Jesucristo nos envía a ti y a mí a proclamar su buena nueva de salvación en nuestro lugar concreto: nuestro pueblo, nuestra ciudad. Alguien nos trajo la buena nueva a nosotros; ahora se nos encarga que la llevemos a los demás. No se basa en nuestras capacidades o en nuestro poder, sino en el poder del Espíritu Santo. Y así leemos: “Dicho esto, sopló sobre ellos y les dijo: ‘Recibid el Espíritu Santo’”. Es el don del Espíritu, y no nuestros propios dones, lo que nos permite evangelizar. Y una parte importante de esta buena nueva es el perdón de los pecados: “A quienes les perdonéis los pecados, les quedan perdonados; a quienes se los retengáis, les quedan retenidos”.

Un aspecto clave de la misericordia es el perdón de los pecados, que nos llega principalmente en el sacramento de la Confesión. Somos instrumentos de misericordia cuando llevamos a las personas a confesarse. Pero también podemos serlo de otras maneras: por ejemplo, cuando reconciliamos a las personas. Una vez oí hablar de una señora moribunda que le dijo a una conocida suya, una mujer que había tenido una amarga disputa con otra mujer: “¿No es hora de que te reconcilies con ella?”. Utilizó su último aliento para intentar reconciliar a los demás. Cuánto necesitamos rezar para que haya más perdón en el mundo. Todas las guerras de las que somos testigos estos días son precisamente expresiones de una falta de perdón y solo hacen que el perdón sea más difícil.

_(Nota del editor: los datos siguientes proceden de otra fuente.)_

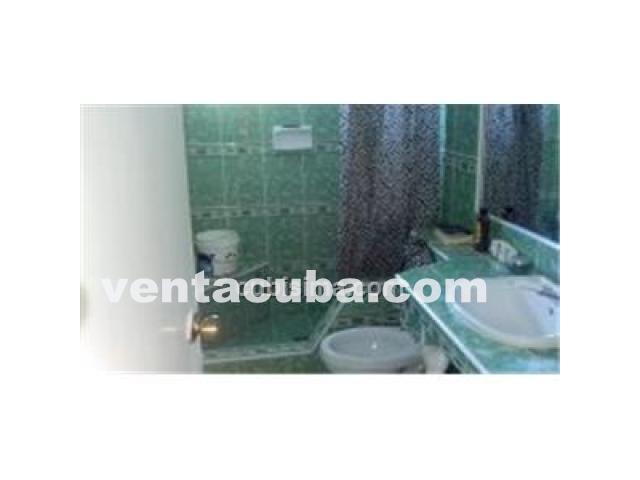 VENDO CASA EN SANTIAGO DE CUBA .ESTA UBICADA EN ..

Pero hemos recibido el soplo del Espíritu, que es más poderoso que el aliento viciado de Satanás. Tenemos el poder de ser misericordiosos y pacificadores como Cristo nos llama a ser (Mt 5, 7.9). Podríamos traer la paz de Cristo si tan solo tuviéramos fe. El evangelio de hoy también nos muestra la falta de fe de Tomás. Este necesitaba curación. A veces no conseguimos compartir la misericordia de Dios con los demás porque nosotros mismos no creemos lo suficiente en ella. En la práctica, consideramos a Cristo más muerto que vivo. Entonces necesitamos tocar a Jesús, entrar en contacto con él, en la Escritura, en la Eucaristía, en los pobres, para que transforme nuestra falta de fe en profunda creencia. “No seáis incrédulos, sino creyentes”, nos dice Jesús. Y nosotros podemos responder con Tomás: “¡Señor mío y Dios mío!”.